On Monday, July 26, the morning water temperature was 75 degrees, which is near the lethal temperature for trout.  With the weather forecasted to be in the 90′s through mid-week, trout will likely continue to be stressed, and additional mortality may occur.

“We had several members of the public report dead trout in Yesness, and we appreciate these reports. Unfortunately, it may get worse before it gets better,” said Matt Hahn, Casper Region fisheries supervisor.  “In fact, given the warm temperatures, it is likely people will see stressed trout in other low elevation and small waters around the region.”

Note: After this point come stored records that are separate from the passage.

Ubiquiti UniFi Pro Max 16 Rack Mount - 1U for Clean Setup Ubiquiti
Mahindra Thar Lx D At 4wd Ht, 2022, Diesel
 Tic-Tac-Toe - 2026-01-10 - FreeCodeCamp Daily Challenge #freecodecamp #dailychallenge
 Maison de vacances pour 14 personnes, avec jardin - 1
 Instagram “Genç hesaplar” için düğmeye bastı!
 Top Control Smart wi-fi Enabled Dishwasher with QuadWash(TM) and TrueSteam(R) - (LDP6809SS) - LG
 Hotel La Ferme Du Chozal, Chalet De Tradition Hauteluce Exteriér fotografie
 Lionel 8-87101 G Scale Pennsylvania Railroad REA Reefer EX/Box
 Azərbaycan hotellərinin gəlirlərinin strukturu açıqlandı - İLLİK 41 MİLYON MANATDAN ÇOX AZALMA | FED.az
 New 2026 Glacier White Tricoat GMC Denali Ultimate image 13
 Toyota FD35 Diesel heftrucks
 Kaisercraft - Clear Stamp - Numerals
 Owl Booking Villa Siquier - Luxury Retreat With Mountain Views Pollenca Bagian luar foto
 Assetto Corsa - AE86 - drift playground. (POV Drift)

Places like Bryan Stock Trail Pond (Lake MacKenzie), the 33-Mile Ponds, and many small streams such as Deer Creek, Boxelder Creek, and LaPrele Creek with current low water flows may also see signs of stressed trout, as well.

Anglers are reminded to:

  • fish early in the morning while the water temperature is cooler.
  • carry a pocket thermometer and monitor the water temperature.
  • if the water temperature is at or above 70 degrees, consider keeping what you catch within the       regulations.
  • as water temperature increases, using the proper techniques to catch and release a fish          becomes increasingly more important to help ensure the fish has a chance to survive:
    play and land fish as rapidly as possible to reduce exhaustion stress.
    keep the fish in the water as much as possible.
    do not squeeze the fish or place fingers in the gills.
    remove the hook gently. If hooked deeply, cut the leader.
    flies and lures are recommended whenever many fish are being caught and released.
    barbless hooks allow easier hook removal.
    if a fish is exhausted and cannot hold itself upright, and if regulations allow, consider having it for supper because it has a poor chance of surviving.

The Game and Fish is aware of the situation, and the public no longer needs to report sightings of stressed fish.